▸ **Requirement**:
Scan the material below for "Transit", then return each line that contains it.

Content starts

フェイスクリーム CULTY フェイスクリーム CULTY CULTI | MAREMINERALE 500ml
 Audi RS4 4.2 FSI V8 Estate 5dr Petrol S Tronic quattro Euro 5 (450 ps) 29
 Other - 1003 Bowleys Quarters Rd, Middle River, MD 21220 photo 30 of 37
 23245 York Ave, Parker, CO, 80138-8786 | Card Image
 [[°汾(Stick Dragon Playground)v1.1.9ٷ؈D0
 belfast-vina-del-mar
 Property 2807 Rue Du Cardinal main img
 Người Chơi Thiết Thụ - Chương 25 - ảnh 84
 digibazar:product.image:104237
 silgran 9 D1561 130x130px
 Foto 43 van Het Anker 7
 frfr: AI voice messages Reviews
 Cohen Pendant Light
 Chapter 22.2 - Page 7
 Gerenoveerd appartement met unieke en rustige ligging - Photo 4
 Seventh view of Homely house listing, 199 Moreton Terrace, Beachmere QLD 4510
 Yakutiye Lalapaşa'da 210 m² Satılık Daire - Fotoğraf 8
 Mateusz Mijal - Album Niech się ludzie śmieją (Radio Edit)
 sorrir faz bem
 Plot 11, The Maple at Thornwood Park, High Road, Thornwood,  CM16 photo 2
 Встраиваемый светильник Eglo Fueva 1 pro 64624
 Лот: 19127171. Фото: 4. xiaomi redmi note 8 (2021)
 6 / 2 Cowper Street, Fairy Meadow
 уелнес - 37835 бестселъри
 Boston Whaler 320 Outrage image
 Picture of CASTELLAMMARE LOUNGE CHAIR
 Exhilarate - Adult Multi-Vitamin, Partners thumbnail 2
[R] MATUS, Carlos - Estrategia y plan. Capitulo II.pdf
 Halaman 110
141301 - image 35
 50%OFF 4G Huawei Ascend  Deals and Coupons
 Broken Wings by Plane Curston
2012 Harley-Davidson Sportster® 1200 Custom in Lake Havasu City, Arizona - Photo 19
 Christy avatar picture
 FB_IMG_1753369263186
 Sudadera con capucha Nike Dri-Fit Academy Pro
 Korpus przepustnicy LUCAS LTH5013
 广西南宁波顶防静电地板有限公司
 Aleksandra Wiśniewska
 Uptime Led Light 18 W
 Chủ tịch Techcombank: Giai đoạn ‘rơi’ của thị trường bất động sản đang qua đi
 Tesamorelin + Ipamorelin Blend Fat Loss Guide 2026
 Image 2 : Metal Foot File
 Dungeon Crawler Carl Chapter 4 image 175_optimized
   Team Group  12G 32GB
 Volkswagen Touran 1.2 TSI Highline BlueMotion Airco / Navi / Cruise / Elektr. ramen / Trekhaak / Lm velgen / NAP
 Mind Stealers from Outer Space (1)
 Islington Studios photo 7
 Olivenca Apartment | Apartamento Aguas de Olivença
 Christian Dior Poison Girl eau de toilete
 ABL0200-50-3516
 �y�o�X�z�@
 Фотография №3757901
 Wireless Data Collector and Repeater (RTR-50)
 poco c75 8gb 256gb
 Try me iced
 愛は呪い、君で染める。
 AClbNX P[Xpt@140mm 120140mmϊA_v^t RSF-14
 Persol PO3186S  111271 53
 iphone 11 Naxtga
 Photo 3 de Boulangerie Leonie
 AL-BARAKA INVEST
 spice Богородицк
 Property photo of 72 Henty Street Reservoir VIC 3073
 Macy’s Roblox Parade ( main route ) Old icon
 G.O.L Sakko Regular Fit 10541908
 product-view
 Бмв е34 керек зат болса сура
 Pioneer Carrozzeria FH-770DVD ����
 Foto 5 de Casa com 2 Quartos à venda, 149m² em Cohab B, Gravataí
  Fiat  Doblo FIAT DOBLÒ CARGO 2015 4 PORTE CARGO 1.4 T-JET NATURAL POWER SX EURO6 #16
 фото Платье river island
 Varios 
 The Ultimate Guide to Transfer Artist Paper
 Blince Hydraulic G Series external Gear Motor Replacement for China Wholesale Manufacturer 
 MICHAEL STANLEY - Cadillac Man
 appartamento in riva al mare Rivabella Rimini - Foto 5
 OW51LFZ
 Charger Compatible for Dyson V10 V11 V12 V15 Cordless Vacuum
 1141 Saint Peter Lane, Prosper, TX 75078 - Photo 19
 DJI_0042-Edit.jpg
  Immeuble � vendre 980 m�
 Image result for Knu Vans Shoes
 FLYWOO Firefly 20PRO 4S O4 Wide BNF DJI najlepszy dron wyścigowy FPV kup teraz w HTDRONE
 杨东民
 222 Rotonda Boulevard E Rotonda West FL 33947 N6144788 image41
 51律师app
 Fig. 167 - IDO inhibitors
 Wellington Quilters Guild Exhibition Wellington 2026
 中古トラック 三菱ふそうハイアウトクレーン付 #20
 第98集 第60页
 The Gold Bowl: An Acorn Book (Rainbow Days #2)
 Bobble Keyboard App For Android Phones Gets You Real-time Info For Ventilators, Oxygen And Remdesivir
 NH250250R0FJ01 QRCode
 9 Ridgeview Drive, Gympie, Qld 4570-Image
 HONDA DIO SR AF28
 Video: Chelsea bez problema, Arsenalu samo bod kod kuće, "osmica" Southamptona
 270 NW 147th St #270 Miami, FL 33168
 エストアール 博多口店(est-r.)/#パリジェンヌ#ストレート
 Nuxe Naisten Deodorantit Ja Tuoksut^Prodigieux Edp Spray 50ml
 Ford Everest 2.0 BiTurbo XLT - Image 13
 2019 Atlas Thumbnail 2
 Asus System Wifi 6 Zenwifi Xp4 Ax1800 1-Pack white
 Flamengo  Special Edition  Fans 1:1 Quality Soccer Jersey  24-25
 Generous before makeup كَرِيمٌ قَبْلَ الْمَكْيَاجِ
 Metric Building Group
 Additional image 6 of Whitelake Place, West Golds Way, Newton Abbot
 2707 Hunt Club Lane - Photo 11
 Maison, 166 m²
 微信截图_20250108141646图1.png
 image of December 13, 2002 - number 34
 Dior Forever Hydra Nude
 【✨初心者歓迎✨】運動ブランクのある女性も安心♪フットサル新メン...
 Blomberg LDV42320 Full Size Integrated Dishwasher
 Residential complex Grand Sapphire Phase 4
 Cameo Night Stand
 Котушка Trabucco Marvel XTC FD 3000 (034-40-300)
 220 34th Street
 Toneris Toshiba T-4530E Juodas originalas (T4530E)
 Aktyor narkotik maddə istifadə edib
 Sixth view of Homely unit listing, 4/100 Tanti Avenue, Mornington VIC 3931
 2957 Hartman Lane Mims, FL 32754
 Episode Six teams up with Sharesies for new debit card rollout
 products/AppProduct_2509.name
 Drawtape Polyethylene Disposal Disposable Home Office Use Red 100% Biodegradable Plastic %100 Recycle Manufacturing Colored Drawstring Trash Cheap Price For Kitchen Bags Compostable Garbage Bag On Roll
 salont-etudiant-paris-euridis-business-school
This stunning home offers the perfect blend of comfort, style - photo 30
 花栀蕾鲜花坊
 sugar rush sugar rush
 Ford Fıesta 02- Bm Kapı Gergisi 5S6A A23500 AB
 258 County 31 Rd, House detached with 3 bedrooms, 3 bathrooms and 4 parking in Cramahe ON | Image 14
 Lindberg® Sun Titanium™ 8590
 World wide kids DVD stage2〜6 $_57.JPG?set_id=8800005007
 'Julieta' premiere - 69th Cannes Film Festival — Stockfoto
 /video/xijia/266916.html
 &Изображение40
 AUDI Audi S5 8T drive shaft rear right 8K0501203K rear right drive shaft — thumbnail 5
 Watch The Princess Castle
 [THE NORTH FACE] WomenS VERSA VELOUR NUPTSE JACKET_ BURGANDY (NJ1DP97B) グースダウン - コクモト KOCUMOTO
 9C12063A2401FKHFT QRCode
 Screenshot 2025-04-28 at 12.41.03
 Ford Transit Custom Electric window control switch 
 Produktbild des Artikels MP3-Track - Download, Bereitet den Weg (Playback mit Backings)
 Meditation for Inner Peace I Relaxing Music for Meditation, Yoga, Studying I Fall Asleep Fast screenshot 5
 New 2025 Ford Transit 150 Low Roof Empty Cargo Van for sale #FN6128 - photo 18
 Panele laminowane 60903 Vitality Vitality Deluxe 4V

Content ends

▸ **Answer to this exercise**:
 Ford Transit Custom Electric window control switch 
 New 2025 Ford Transit 150 Low Roof Empty Cargo Van for sale #FN6128 - photo 18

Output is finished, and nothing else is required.